**What this task involves**
Line by line, copy the entries exactly, excluding the pictures.

[Dataset records]
┌──
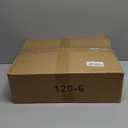 luccido 6 Pack Round Tablecloth 120 Inches Ivory Table Cloth Stain and Wrinkle Resistant Washable Polyester Fabric Table Cover for Party, Wedding and Banquet Decoration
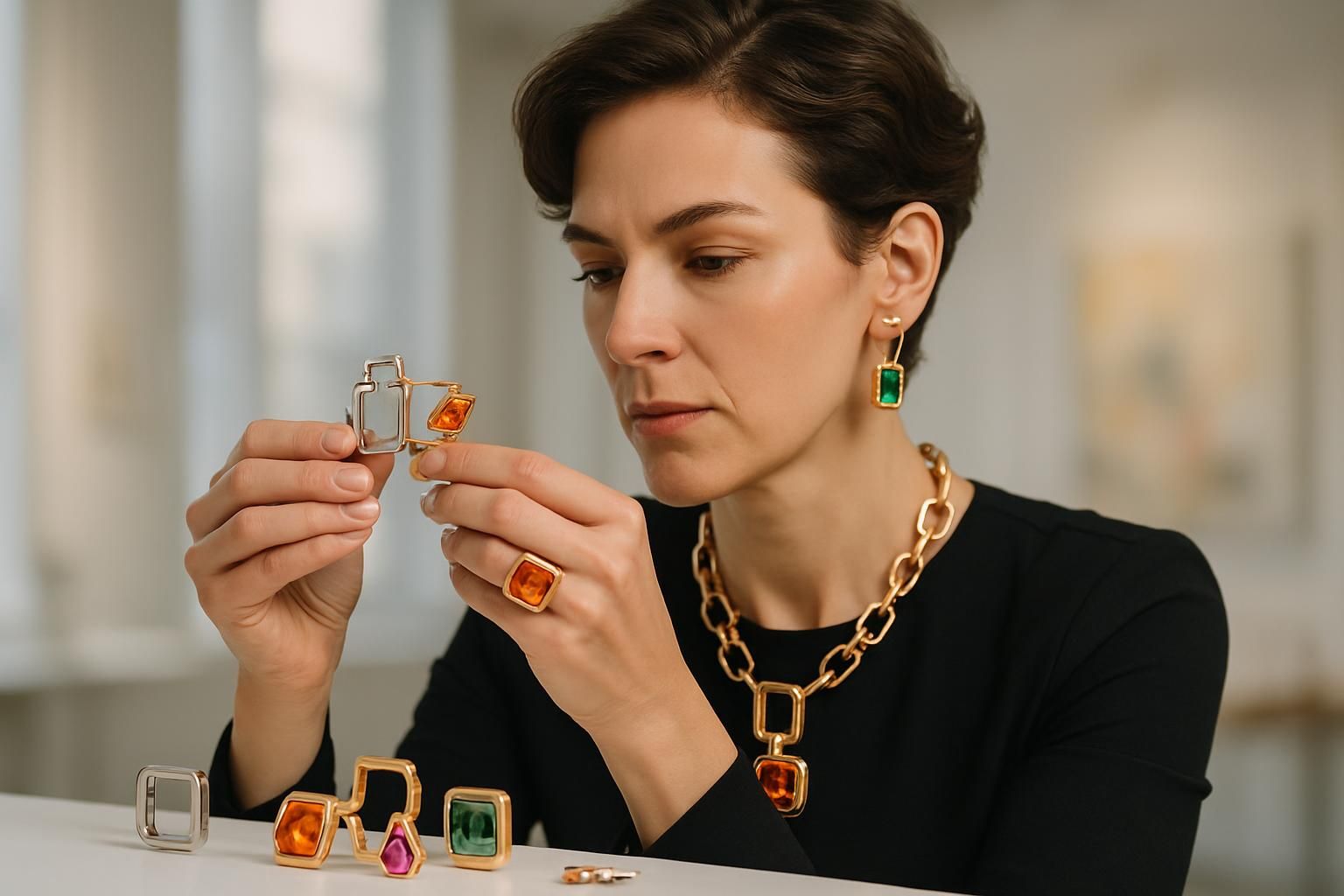 découvrez les créations uniques d'andréa burgain à brouderdorff, alliant innovation et éclat avec des bijoux modulables conçus pour sublimer votre style.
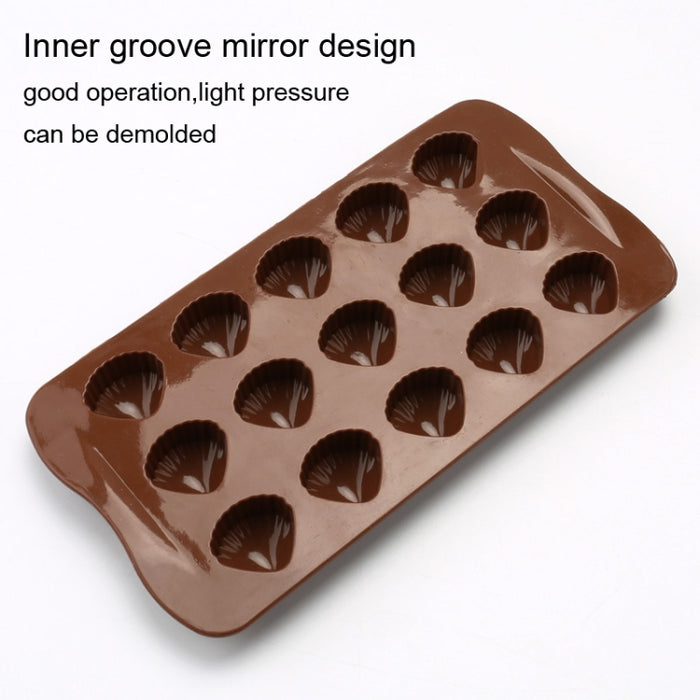 2pcs Silicone Chocolate Mold Jelly Christmas Candy Cake Mould, Style:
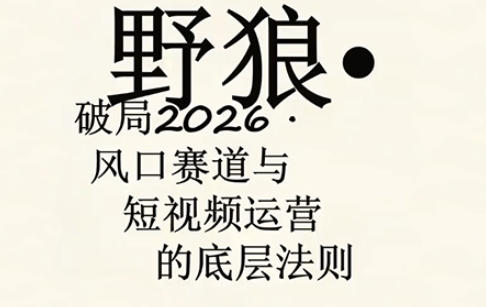 野狼团队·多平台实操运营课，覆盖AI口播、服装、好物、漫剪等热门玩法（更新4月）-七宝：认真做好一件事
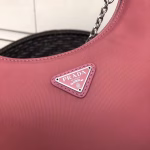 Prada Re-Edition 2005 Shoulder Bag In Pink Nylon - Image 5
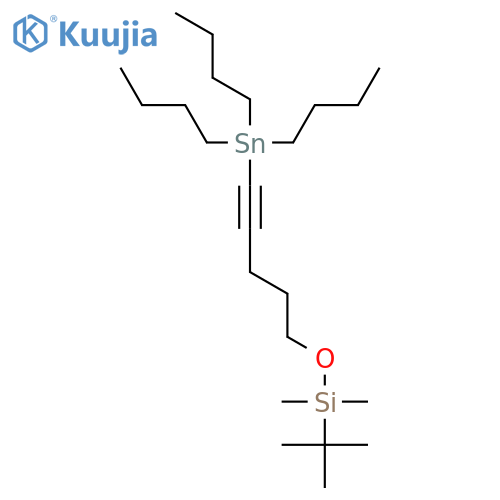 tert-butyl-dimethyl-(5-tributylstannylpent-4-ynoxy)silane structure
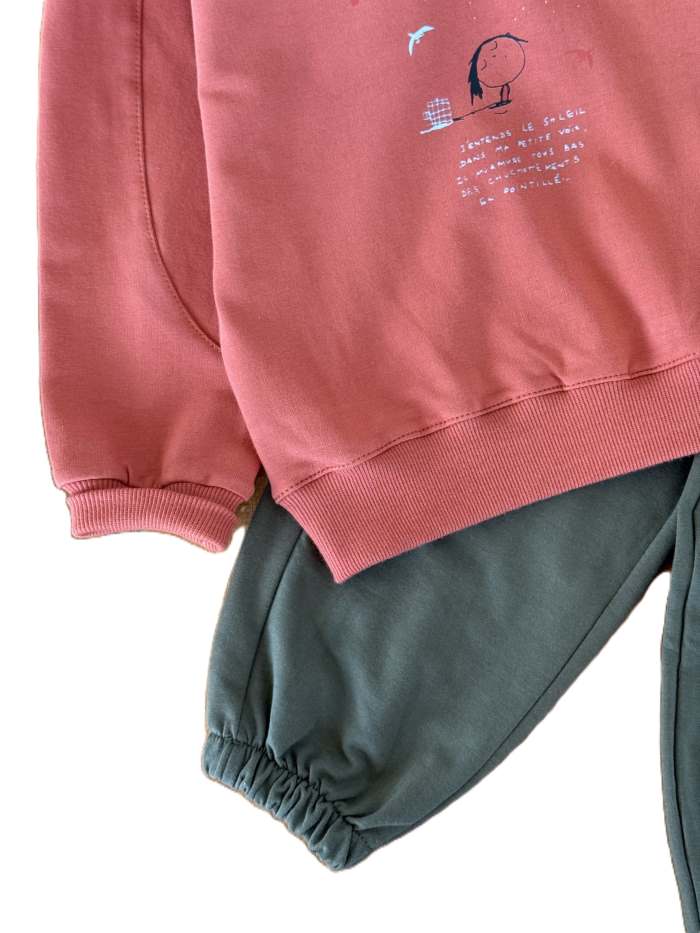 بلوز شلوار منزلی دخترانه دلارام - تصویر 8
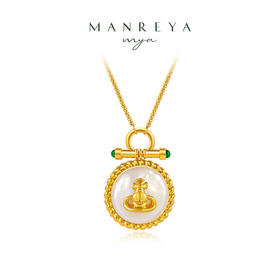 Manreya玛芮雅“土星光晕”巴洛克珍珠项链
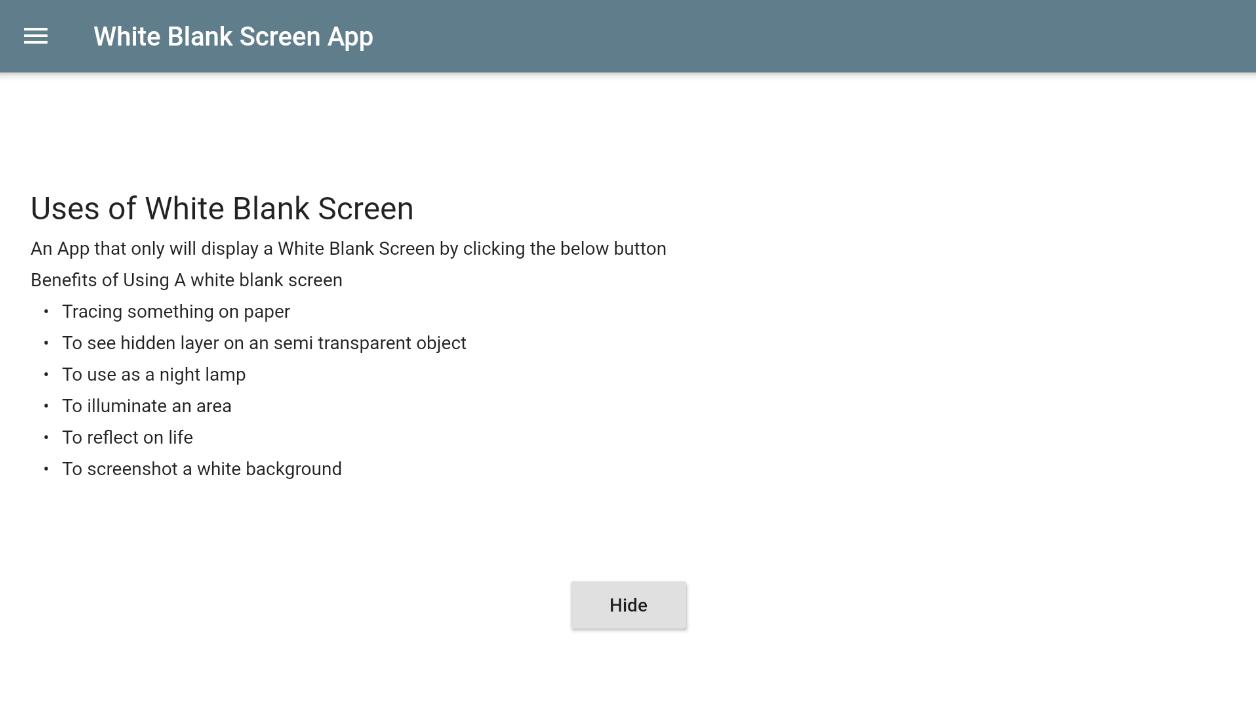 White Blank Screen App For Android Apk Download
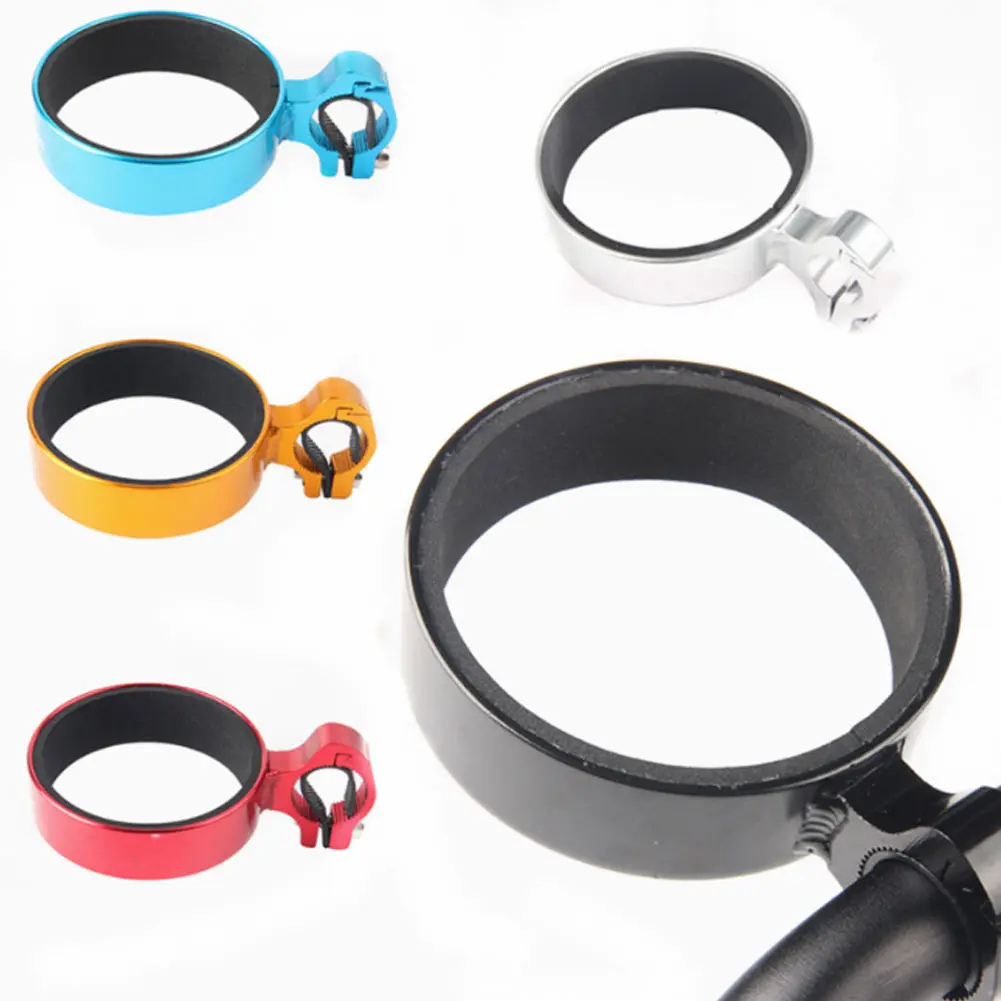 Bike Coffee Cup Holder Aluminum Alloy Bicycle Handlebar Clamp Mount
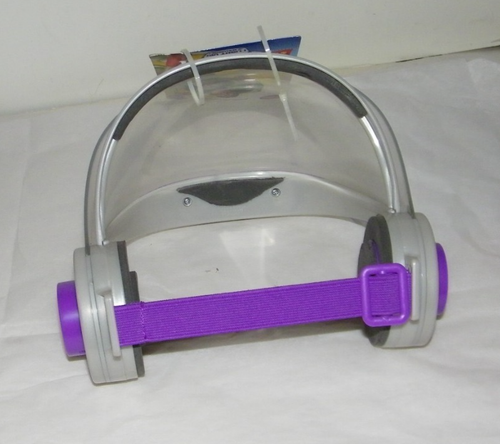 Disney Pixar Toy Story Buzz Lightyear Light Up Helmet Visor New Tags On Pretend - Picture 7 of 8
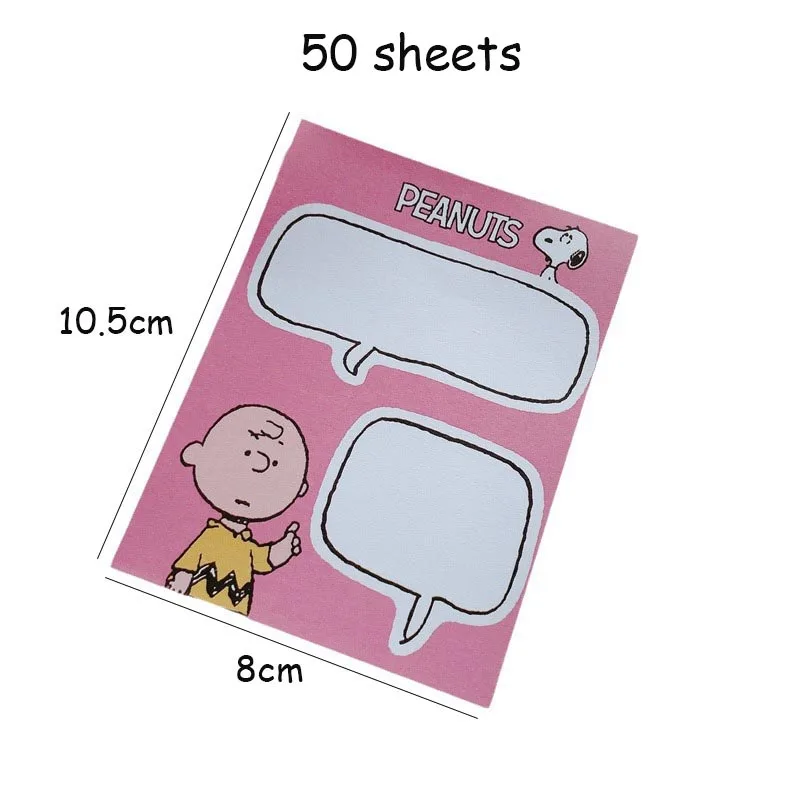 Imagem -05 - Kawaii Snoopy Memo Pad Sticky Note Cão dos Desenhos Animados Notebook Etiqueta de Papelaria Notepad Post Escritório Material Escolar 12 Pcs por Lote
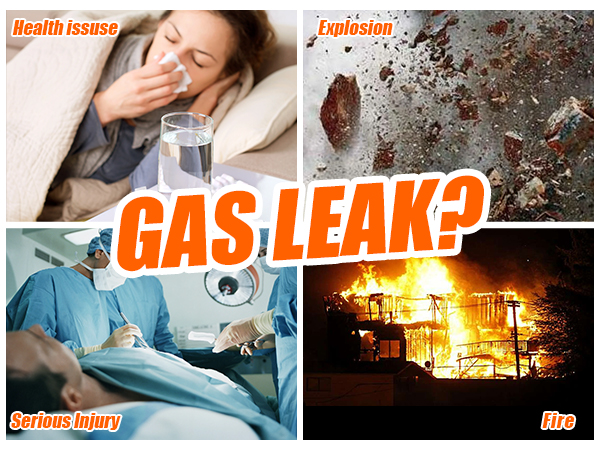 The danger of gas leakage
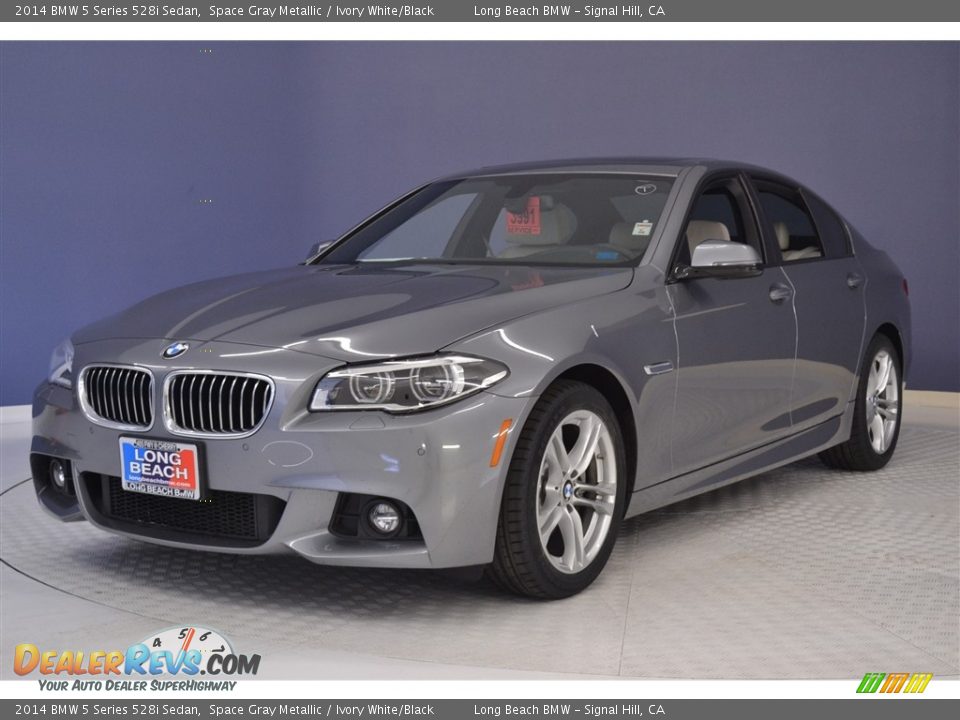 2014 BMW 5 Series 528i Sedan Space Gray Metallic / Ivory White/Black Photo #3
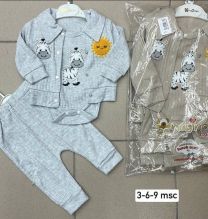 Komplet niemowlęcy Turecka (3-9M/12kpt)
└──
**Answer**
 luccido 6 Pack Round Tablecloth 120 Inches Ivory Table Cloth Stain and Wrinkle Resistant Washable Polyester Fabric Table Cover for Party, Wedding and Banquet Decoration
 découvrez les créations uniques d'andréa burgain à brouderdorff, alliant innovation et éclat avec des bijoux modulables conçus pour sublimer votre style.
 2pcs Silicone Chocolate Mold Jelly Christmas Candy Cake Mould, Style:
 野狼团队·多平台实操运营课，覆盖AI口播、服装、好物、漫剪等热门玩法（更新4月）-七宝：认真做好一件事
 Prada Re-Edition 2005 Shoulder Bag In Pink Nylon - Image 5
 tert-butyl-dimethyl-(5-tributylstannylpent-4-ynoxy)silane structure
 بلوز شلوار منزلی دخترانه دلارام - تصویر 8
 Manreya玛芮雅“土星光晕”巴洛克珍珠项链
 White Blank Screen App For Android Apk Download
 Bike Coffee Cup Holder Aluminum Alloy Bicycle Handlebar Clamp Mount
 Disney Pixar Toy Story Buzz Lightyear Light Up Helmet Visor New Tags On Pretend - Picture 7 of 8
 Imagem -05 - Kawaii Snoopy Memo Pad Sticky Note Cão dos Desenhos Animados Notebook Etiqueta de Papelaria Notepad Post Escritório Material Escolar 12 Pcs por Lote
 The danger of gas leakage
 2014 BMW 5 Series 528i Sedan Space Gray Metallic / Ivory White/Black Photo #3
 Komplet niemowlęcy Turecka (3-9M/12kpt)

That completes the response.